Whoa - looks lke he could fit his whole head in that hawg's mouth!


----------



## Troutman3000 (Nov 4, 2010)

This guy is a big fish master. He has caught two that size this year from the same lake. Randall really knows how to catch the big ones.


----------



## Jim (Nov 4, 2010)

more details please. Where is the other report? 8)


----------



## fender66 (Nov 4, 2010)

Why is it that over the last couple days I can only see some of the images posted? I haven't changed anything on my side....unless the IT guys have. Hmmmm.


----------



## poolie (Nov 4, 2010)

holy..... that thing looks like it ate a football.


----------



## Zum (Nov 4, 2010)

Wow,nice fish...


----------



## Waterwings (Nov 4, 2010)

fender66 said:


> Why is it that over the last couple days I can only see some of the images posted? I haven't changed anything on my side....unless the IT guys have. Hmmmm.

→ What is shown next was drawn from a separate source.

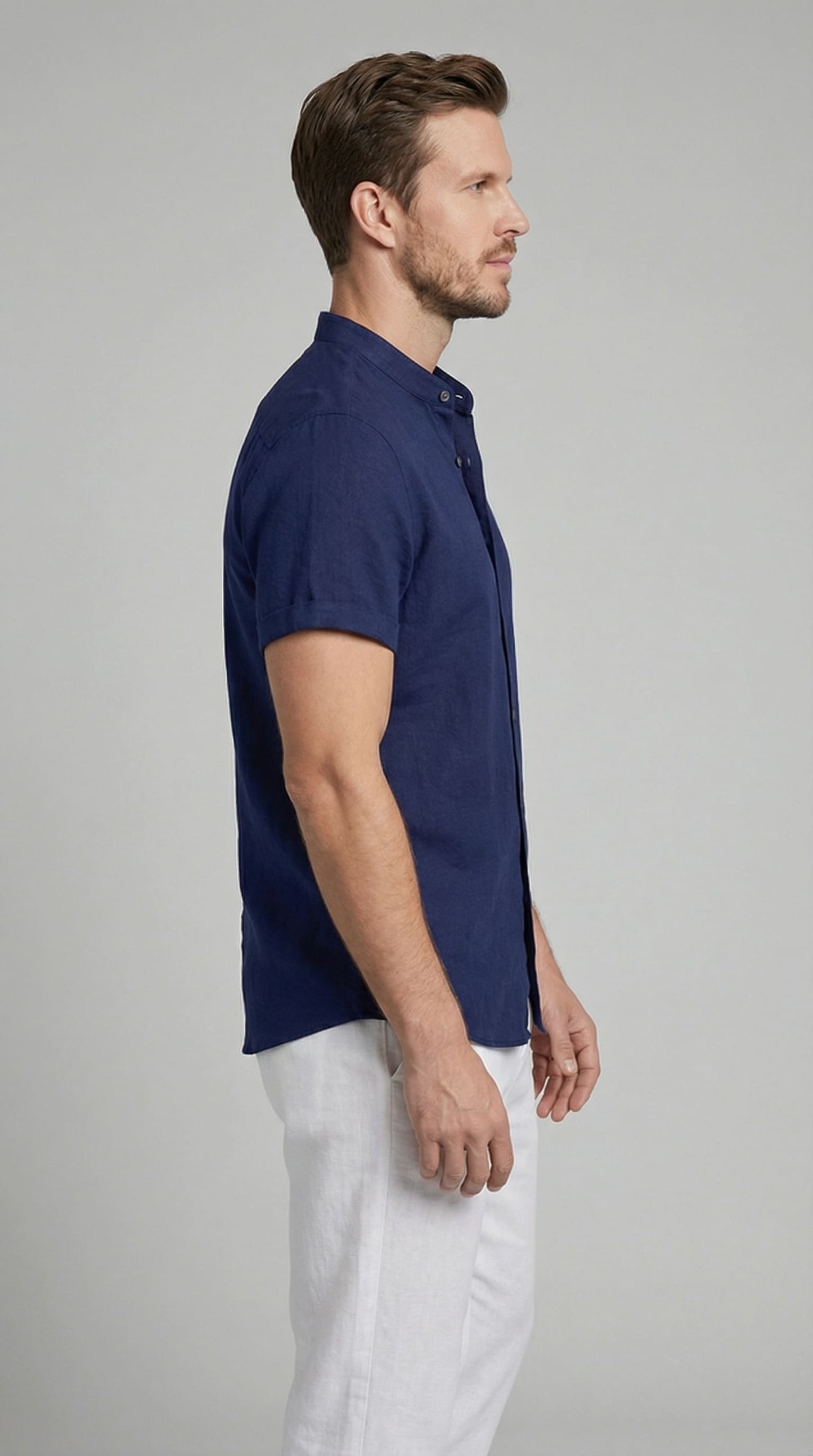 Corbin Linen Band Collar Shirt and Pants Set_15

If you're talking about the IT guys where you work, it happens where I work a lot. They have quite a few filters in-place due to the fact that the students would run amuck if they had free rein on the internet. The primary site they use for blocking stuff is IPrism, and it does a pretty good job. If we (faculty) need access to a specific site for instructional purposes, we have to submit a request, and they make it "open" for us, if we specify how long we need the site avaialble. It sux sometimes, but it's the nature of the beast when dealing with teenagers (not all of them violate the rules, just the few) and the internet.


----------



## crazymanme2 (Nov 4, 2010)

I want to know more details,what kind of lure,how deep,& any other vailuable info. #-o


----------



## Jim (Nov 4, 2010)

fender66 said:


> Why is it that over the last couple days I can only see some of the images posted? I haven't changed anything on my side....unless the IT guys have. Hmmmm.

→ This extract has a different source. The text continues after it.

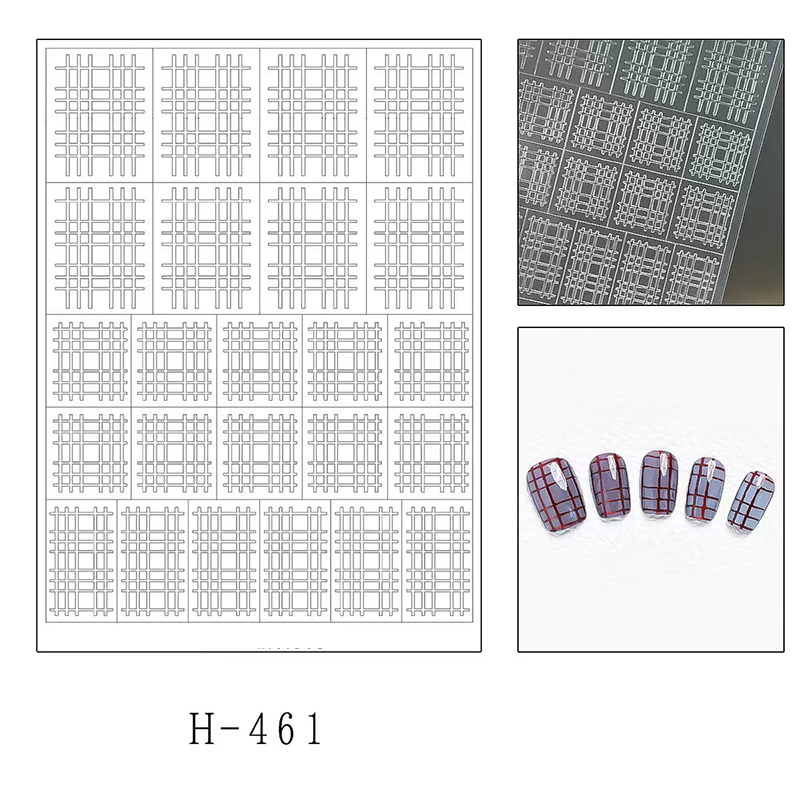 Plaid  Guide Stickers - Classic Style Patterns Self-adhesive Reusable Gel Airbrush Nail Stencils Decals Templates Supplies Vinyl for beginners easy DIY Manicure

The photo he is showing is from Photobucket. Try going there to see if you are blocked.

Photobucket falls under the category of file storage. Some companies do not allow that category anymore because employees can upload corporate data to their personal storage online at any one of these places.


----------



## fish devil (Nov 4, 2010)

:twisted: YES!!! Thats a PIG!!! =D>


----------



## Brine (Nov 4, 2010)

Jim said:


> more details please. Where is the other report? 8)



Sorry Jim, it was from September. Here ya go: https://www.tinboats.net/forum/viewtopic.php?f=6&t=15892



crazymanme2 said:


> I want to know more details,what kind of lure,how deep,& any other vailuable info. #-o



crazyman, check out the link above. It spells out the lure. This lake is about 850 acres and is one of the public county reservoirs. It gets a ton of pressure from not only recreational fisherman, but also the 4-5 electric only clubs here. The lake is loaded with hydrilla, and the primary forage is gizzard shad which is why the swimbait is a great choice.


----------



## Jim (Nov 4, 2010)

Is this it?

https://fishatl.com/swimbait.html


----------



## slim357 (Nov 4, 2010)

yea thats it oddly enough I was just lookin at that site aswell


----------



## Brine (Nov 5, 2010)

Yep, that's it Jim.


----------



## shamoo (Nov 5, 2010)

Now that is one big fishie =D>


----------



## randall (Nov 6, 2010)

Hello. I am new here and just registered. I already know a bunch of you so this place can't be too bad. I am just starting a project to redesign and deck my boat for about the 5th time so I expect to be using the site alot as I move along looking for ideas. I will try to offer help when I can. I am also the lucky guy in the photo above so I thought you all might like to hear the story of how it happened and a video of the fish. The video can be found at https://www.youtube.com/watch?v=7hR5kjFjx-Y The fish was weighed after this video on a digital Berkley scale and settled on 15lbs 14oz after it lost most of its stomach contents.

OK here is the story on how the fish was caught. We were on the fish good. Perfect day to go take a shot at some big fish. No rain but windy and overcast. We go up the right arm of lake Varner and were covering water and catching some good fish feeding on grass walls. We were fishing lipless cranks as well as swimbaits. We had a couple good hybrids and a bunch of three and four pound largemouth. So the guy with me, Ben, keeps tossing the lipless crank and I start with the High Power Herring hoping to find us some fish to upgrade the size with. It was pretty much half and half as we continued to get a fish here and there in that same three and four pound size.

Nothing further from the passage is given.